The stereotype of the Black woman as “angry, defensive, indestructible, physically and emotionally unbreakable” stands in contrast to that of her abusive boyfriend’s as “the effeminate Asian man – submissive, passive, non-threatening …” Neither is true, of course, but both are used to deny the reality of the danger she is in. Nothing can be done.

The evolution in the conversations around consent and sexual violence has been slow to catch up to Black women’s reality. In the time that Martis and I went to university, the notion of affirmative consent felt a world away. “Hookup culture” was why women were hurt and raped. In the conceptualization of this culture, violence was just what happened between two young people out in the world for the first time. To ask for more accountability from a man, in this framing, would be considered unfair. All parties were to blame, but especially women – for, as Drake might say, wearing less and going out more. Feminists fought back by calling it what it is: rape culture – a consequence-free environment in which some people rape.

Martis connects her own experiences of gendered violence as a university student with the broader culture of impunity for perpetrators on university campuses. Just as the increasing diversity of some cities is met with racial terror, an expanded conversation on gendered violence has been met with severe pushback. Hashtags such as #ProtectOurBoys and gag orders imposed on assault victims by universities are, she says, part of the pervasiveness of rape culture.

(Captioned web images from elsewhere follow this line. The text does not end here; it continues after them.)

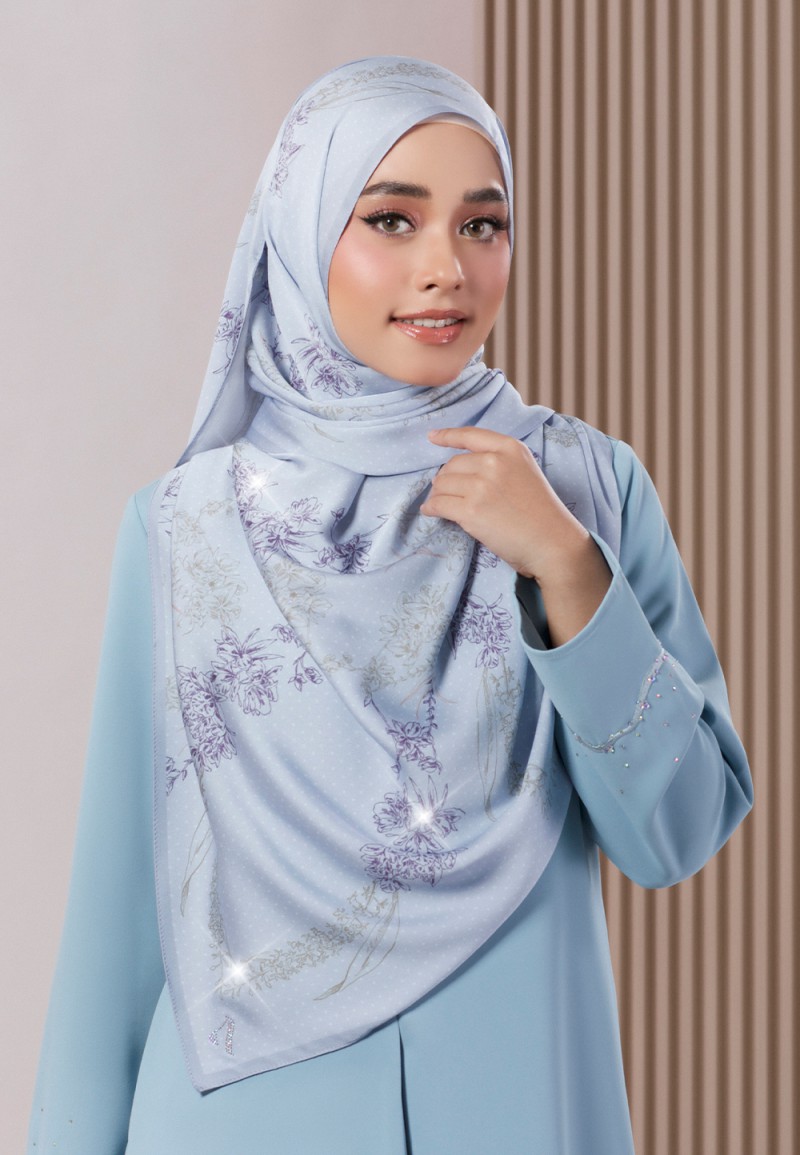 SHAWL CHARLOTTE 298 PTD DIAMOND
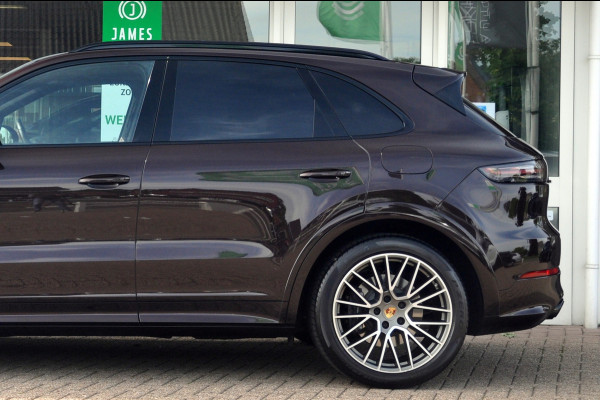 Porsche Cayenne 3.0 E-Hybrid Platinum Edition | BTW-auto | Sport Design | Panoramadak | Bose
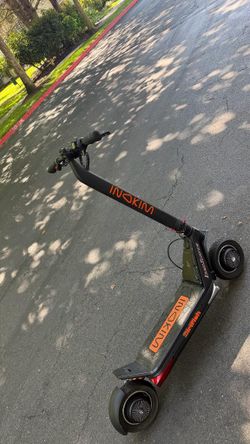 INOKIM OXO ELECTRIC SCOOTER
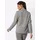CREATION L Blazer in ecru-schwarz-gemustert | Gr.: 38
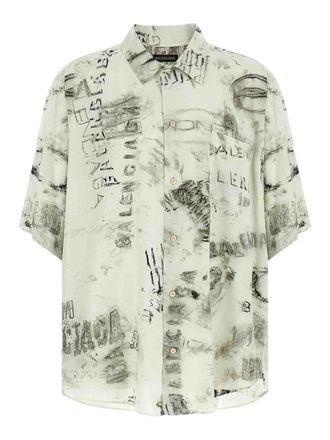 Balenciaga Minimal Shirt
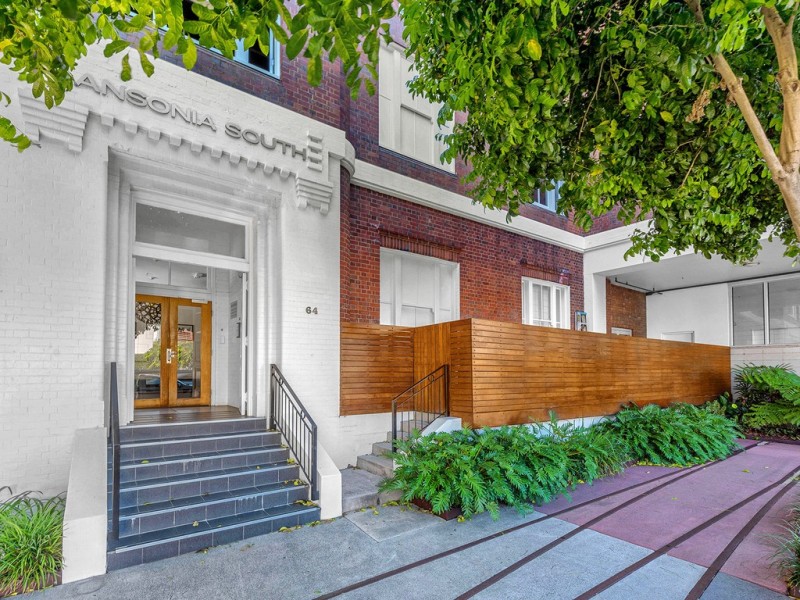 102/64 Macquarie Street, Teneriffe QLD 4005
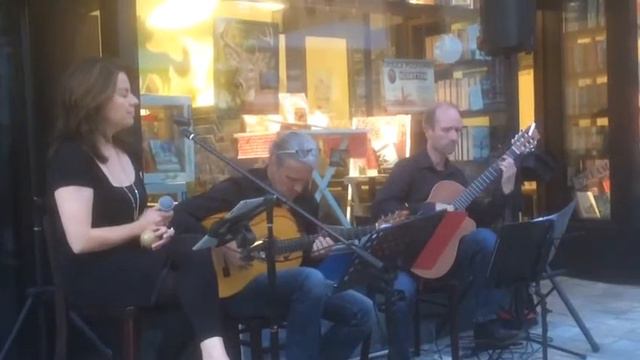 Me gusta cuando callas - Poema 15 - PABLO NERUDA- VICTOR JARA. Mili Poblete. смотреть онлайн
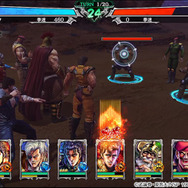 『北斗の拳 LEGENDS ReVIVE』愛するユリアに命を捧げた「ジュウザ」登場！“ランキングガチャ”開催中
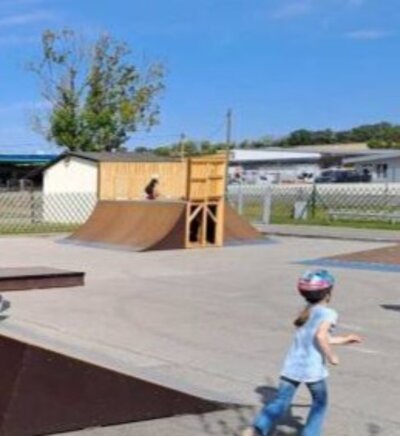 Skatepark Großweikersdorf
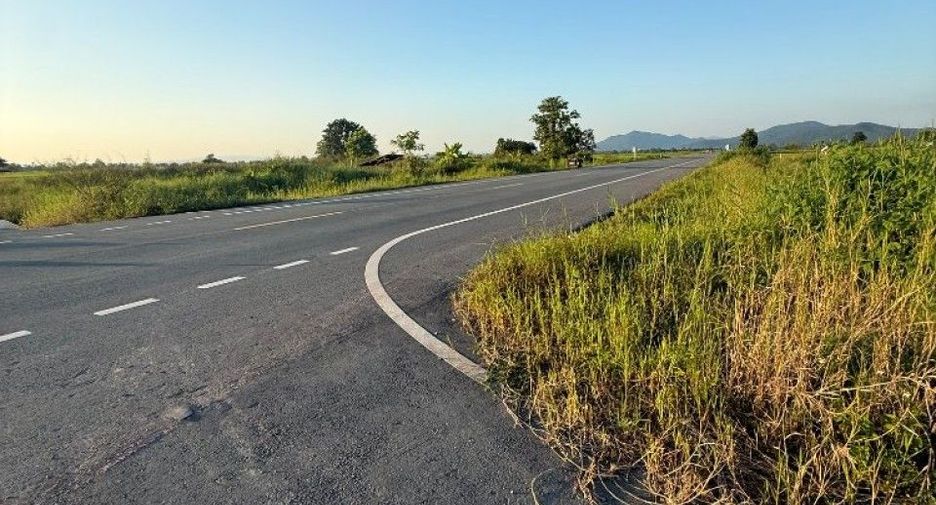For sale land in Chiang Kham, Phayao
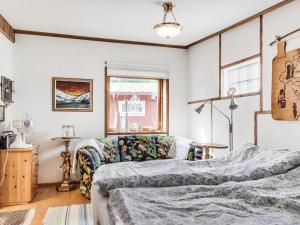 Holiday Home Sjöhagsviken by Interhome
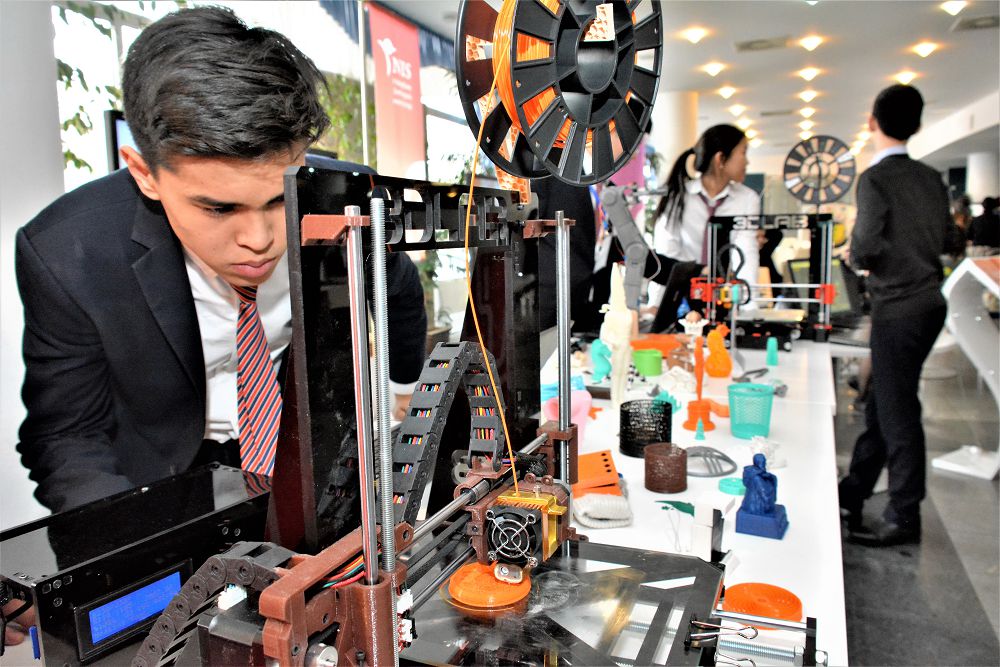 وتاندىق روبوتتى تەحنيكانىڭ قارىمى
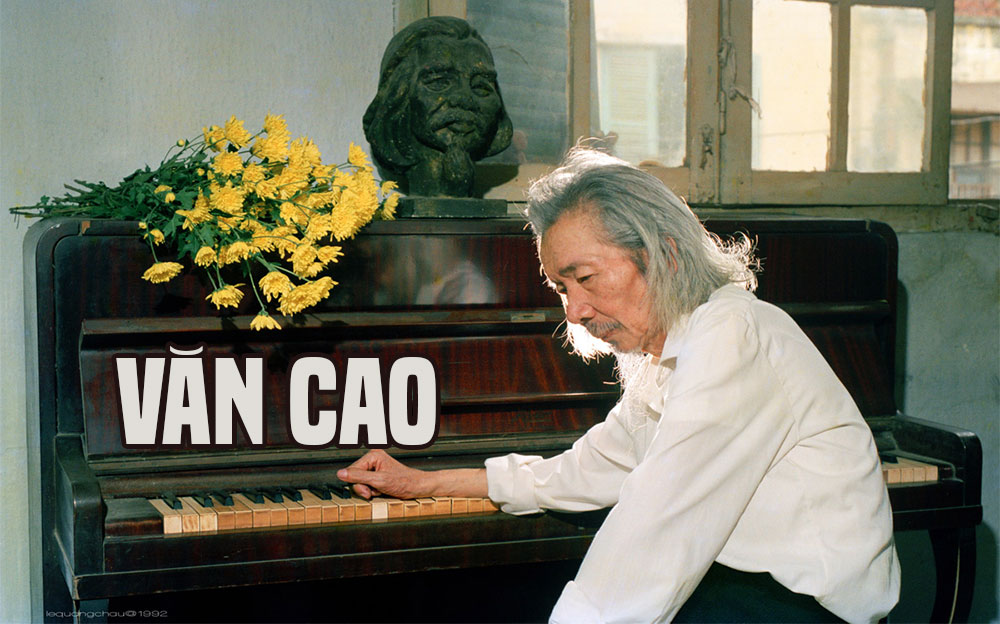 Tiểu sử nhạc sĩ Văn Cao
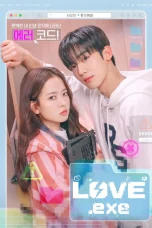 Nonton film Love.exe (2025) terbaru di Dutamovie21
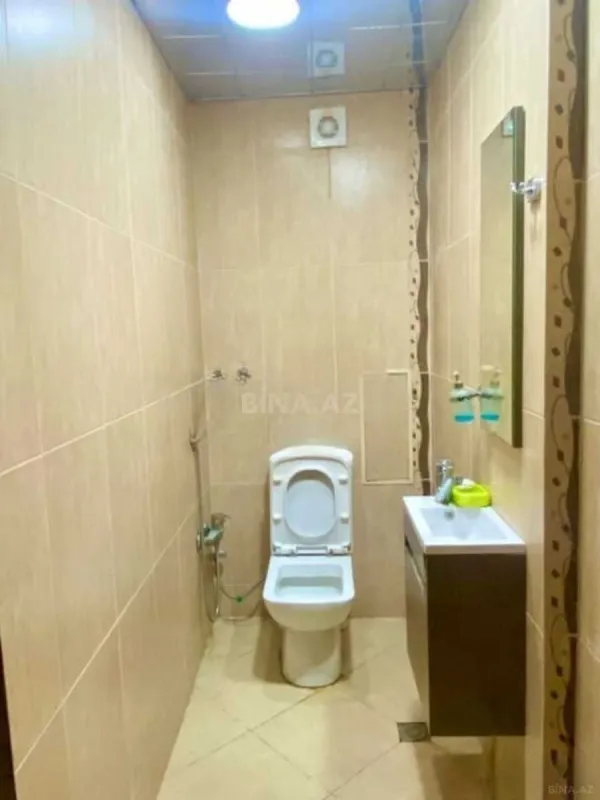 Kirayə verilir 3 otaqlı mənzil 110 m²
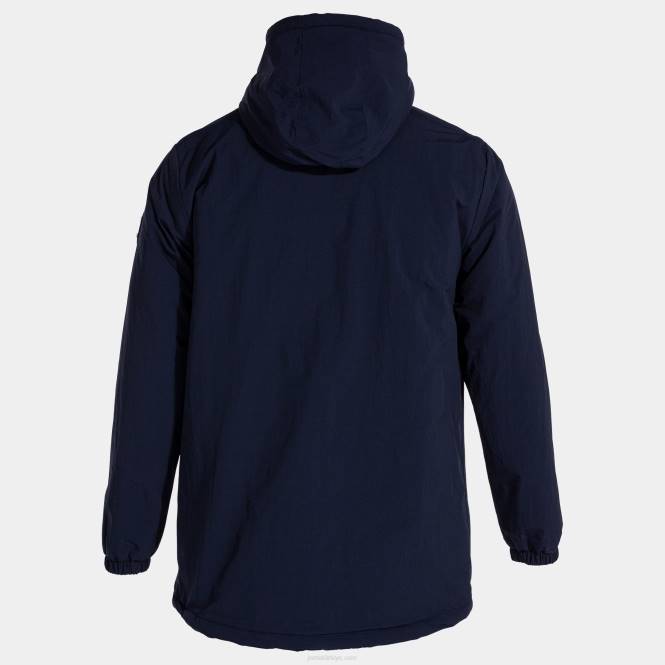 anorak kentsel sokak Joma lacivert erkekler 0RJD653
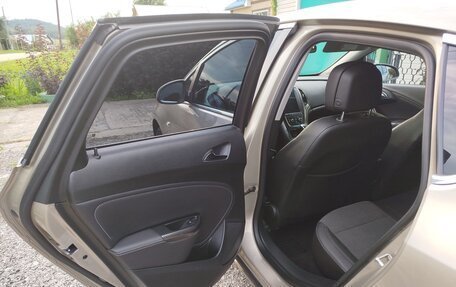 Opel Astra J, 2012 год, 850 000 рублей, 13 фотография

“This culture has created monsters,” she writes. Now, there are zero-tolerance policies and unconscious-bias workshops. Yet there are still, somehow, monsters.

The most striking quality of Martis’s book is how she shreds the idea of university years as carefree.

Where some are carefree, Martis sees cruelty and carelessness – the professor pointing to Black students to “teach” Blackness, the white friends slipping into Blaccents, the sexual partner who says he is “into Black girls” but equally casually says he “could never marry one.”

It dawns on her, abruptly and repeatedly, that she does not have the freedom to not be hurt. What she’s left with then are the skills to survive and to help others. She sees this world’s violence and gives you a guide for laughing in its face.